Your objective =>
The records below are to be restated word for word, with every picture left out.

Data provided =>
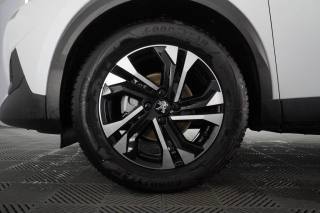 PEUGEOT 2008 usata 14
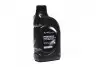 Олива моторна Mobis Premium Gasoline LF 5W-20 SM/GF-4 05100-00151 (Каністра 1л) Hyundai/Kia/Mobis 0510000151 (фото 1)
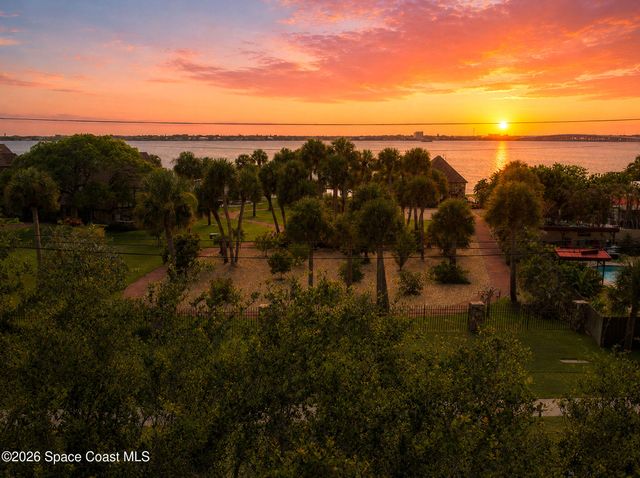 292 Sand Dollar Road, Indialantic, FL 32903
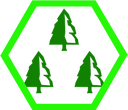 Fantasy RPG icon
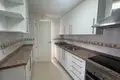 3 bedroom apartment 117 m² Manilva, Spain
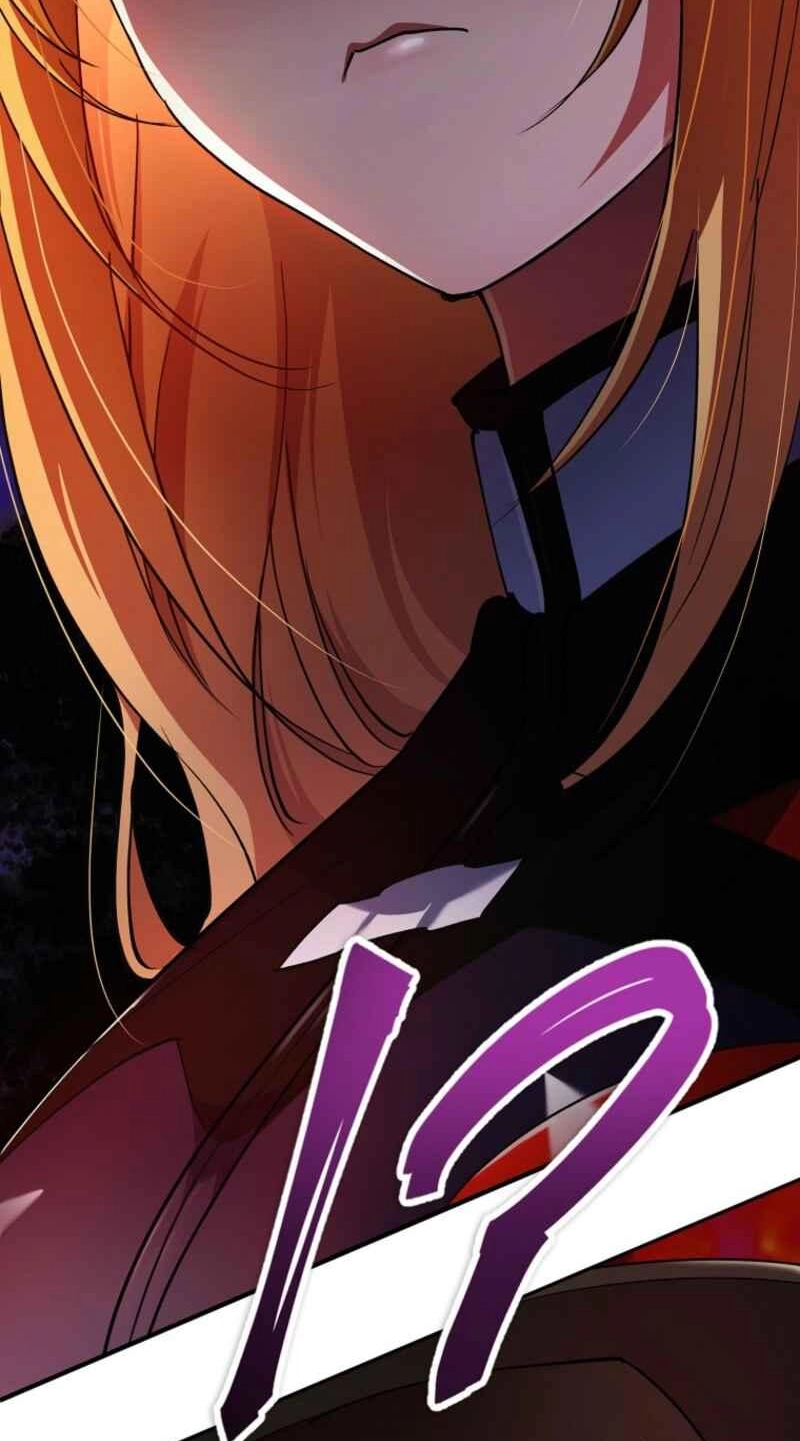 Read I Became the Villain the Hero Is Obsessed With Manga Online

Answer to the problem =>
 PEUGEOT 2008 usata 14
 Олива моторна Mobis Premium Gasoline LF 5W-20 SM/GF-4 05100-00151 (Каністра 1л) Hyundai/Kia/Mobis 0510000151 (фото 1)
 292 Sand Dollar Road, Indialantic, FL 32903
 Fantasy RPG icon
 3 bedroom apartment 117 m² Manilva, Spain
 Read I Became the Villain the Hero Is Obsessed With Manga Online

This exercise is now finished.